Ponto importante também é a dificuldade de estabelecer parceria com aqueles que não são parentes ou familiares, pois a desconfiança é barreira determinante para solidificar possível parceria visando à produção.
O grupo maior de pescadores entrevistados prefere organizar-se para pesca em parceria com vizinhos, parentes e compadres e afirmam que caso ocorra qualquer intempérie, pode-se contar com o parceiro e o trabalho desenvolve-se a partir da divisão de funções e a produção é dividida entre os parceiros. Fator que agrega e segundo os pescadores é muito gratificante, pois as relações sociais se fortalecem a partir das ações do trabalho.
Segundo os caranguejeiros, existe solidariedade entre os parceiros do mar. Em caso de acidentes no ambiente de trabalho, naufrágios, problemas na embarcação eles se unem pela segurança uns dos outros, como relata pescador... “Nós, aqui de casa gostamos de pescar com os parentes e com os nossos vizinhos aqui de perto, fica mais animados e, além disso, é seguro, se acontecer algo no mangue o outro socorre. Ainda tem que dividimos a comida, o café e a água e na volta cada um vai para sua casa com sua produção”. (Jovem caranguejeiro da comunidade São Francisco em São João da Ponta)
Sobre o aspecto da produção advinda da pesca artesanal do caranguejo, os caranguejeiros relatam dificuldades para escoar a produção, como a falta de transporte que assista as comunidades rurais, preço elevado para transportar o produto rural nos ônibus de linha de empresas privadas. Sobre as dificuldades os entrevistados relatam: “Nós conseguimos todos os dias uma produção boa de peixes, melhor ainda de caranguejo. No manguezal conseguimos ostra, camarão e mexilhão. Muitas vezes trazemos para a cidade, a sede de São João e não conseguimos vender, se o frete do ônibus fosse barato dava para aventurar e vender em Castanhal é triste quando não vendemos e a única solução é bem dizer, entregar para o atravessador, dá um aperto no peito e muita raiva porque o trabalho não é valorizado!”(Caranguejeiro da comunidade São Francisco em São João da Ponta).

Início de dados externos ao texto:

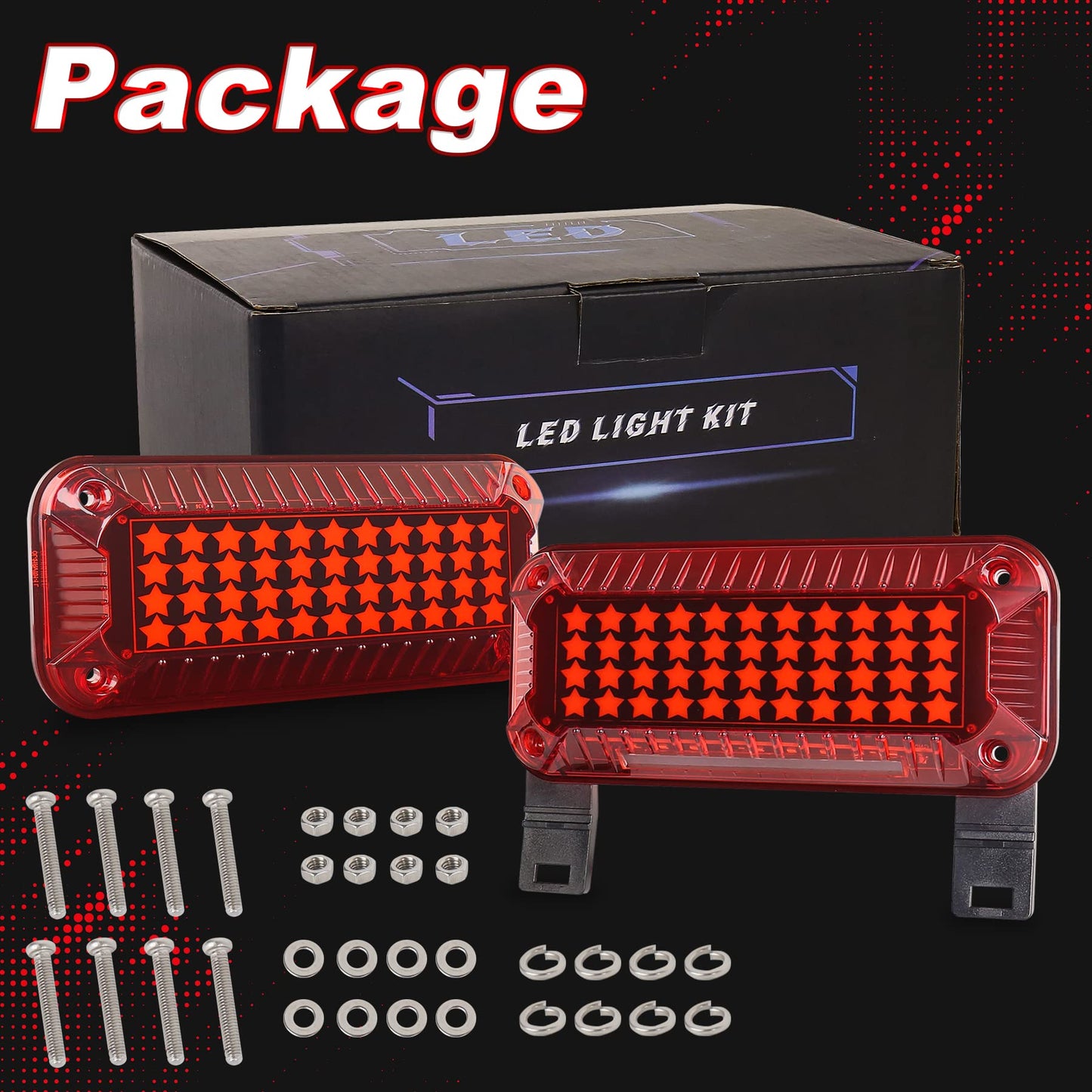 POVTOR Trailer Tail Lights 57 LEDs with Running/Turn Signal/Stop License Plate Light/RV Brake Lights Star Red Reflex Surface Mount Rectangular Camper Tail Lights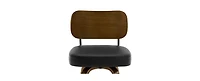 Bekrvio 26" Swivel Bar Stool, Faux Leather with Bentwood Frame and Footrest, Counter Height for Kitchen Island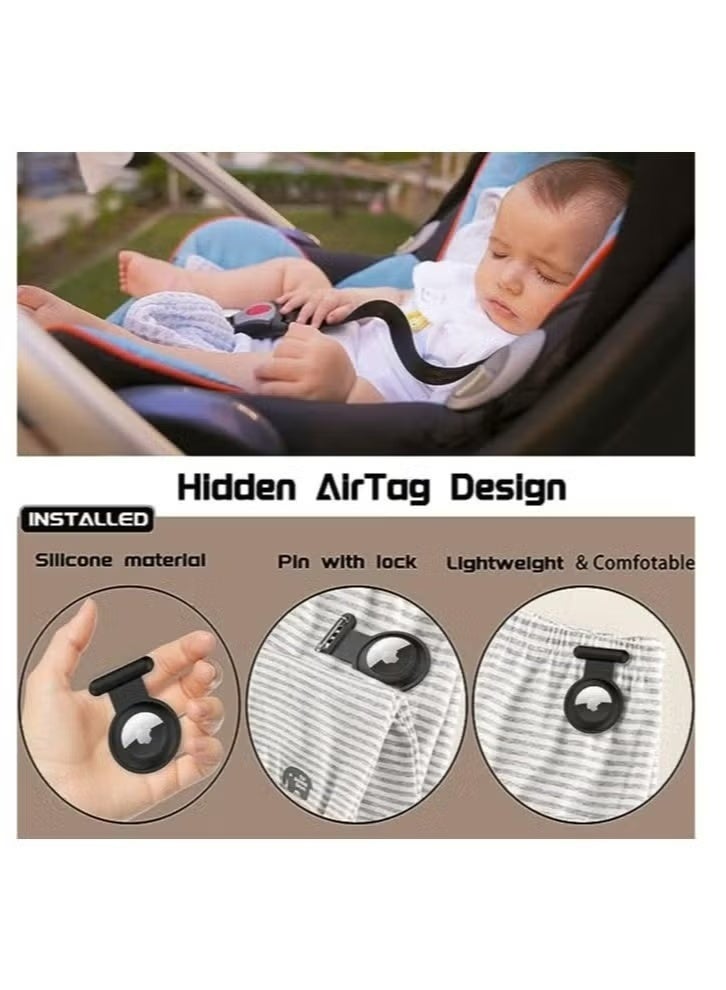 4 Pcs Hidden Silicone Protective AirTag Case ，Compatible with Apple AirTag with Invisible Pin Holder ，Anti Lost AirTag cover Suitable for Kids and Elderly - Image 4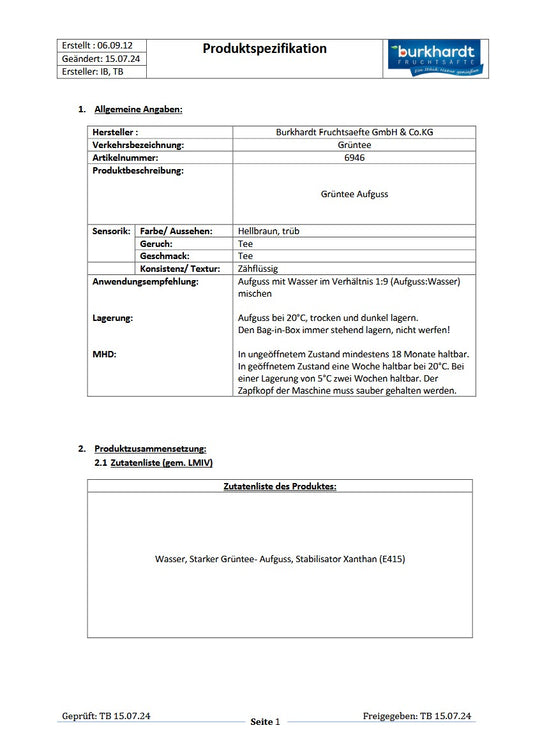 4*  Grüntee Grundstoff (1:9) 5L BiB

Outros fatores narrados são os preços diminutos pagos pelo produto, atrelamento dos pescadores aos patrões de pesca que em sua maioria são moradores locais e atuam nas lacunas deixadas pelo estado, poder público municipal e estadual. Os entrevistados relatam indignada a situação vivida: “Só nós aqui sabemos o que é viver esquecidos pelo governo, só vemos aquele símbolo com a águia (Brasão do estado do Pará) quando a polícia entra pra essas bandas, estamos na beira do rio sem assistência. Aqui quem manda é quem tem dinheiro, o atravessador paga o que quer pelo nosso caranguejo e não adianta choro e nem reclamação que ele não paga mesmo! Teve dia que o atravessador queria pagar vinte reais na saca (com cem unidades) fiquei com tanta raiva que fui embora, me senti humilhado! Tanto trabalho pra nada, esse dinheiro mal paga a comida de casa (se referindo à família) e o que fazer pra mudar isso?” (Pescador comunidade Porto Grande – São João da ponta).”
Sabendo do contexto de exclusão do caranguejeiro, a dificuldade de acesso à políticas sociais, somado a dificuldade de acesso para escoar a produção.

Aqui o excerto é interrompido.